EARLY ENGLISH IRON MANUFACTURE.
"He that well observes it, and hath known the welds of Sussex, Surry, and Kent', the grand nursery especially of oake and beech, shal find such an alteration, within lesse than 30 yeeres, as may well strike a feare, lest few yeeres more, as pestilent as the former, will leave fewe good trees standing in those welds.

Such a heate issueth out of the many forges and furnaces for the making of iron, and out of the glasse kilnes, as hath devoured many famous woods within the welds,"-- JOHN NORDEN, Surveyors' Dialogue (1607).
Few records exist of the manufacture of iron in England in early times.
After the Romans left the island, the British, or more probably the Teutonic tribes settled along the south coast, continued the smelting and manufacture of the metal after the methods taught them by the colonists.

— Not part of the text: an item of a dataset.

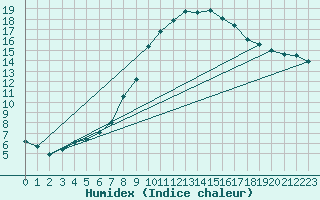 Courbe de l'humidex pour Potsdam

In the midst of the insecurity, however, engendered by civil war and social changes, the pursuits of industry must necessarily have been considerably interfered with, and the art of iron-forging became neglected.

No notice of iron being made in Sussex occurs in Domesday Book, from which it would appear that the manufacture had in a great measure ceased in that county at the time of the Conquest, though it was continued in the iron-producing districts bordering on Wales.
In many of the Anglo-Saxon graves which have been opened, long iron swords have been found, showing that weapons of that metal were in common use.

But it is probable that iron was still scarce, as ploughs and other agricultural implements continued to be made of wood,--one of the Anglo-Saxon laws enacting that no man should undertake to guide a plough who could not make one; and that the cords with which it was bound should be of twisted willows.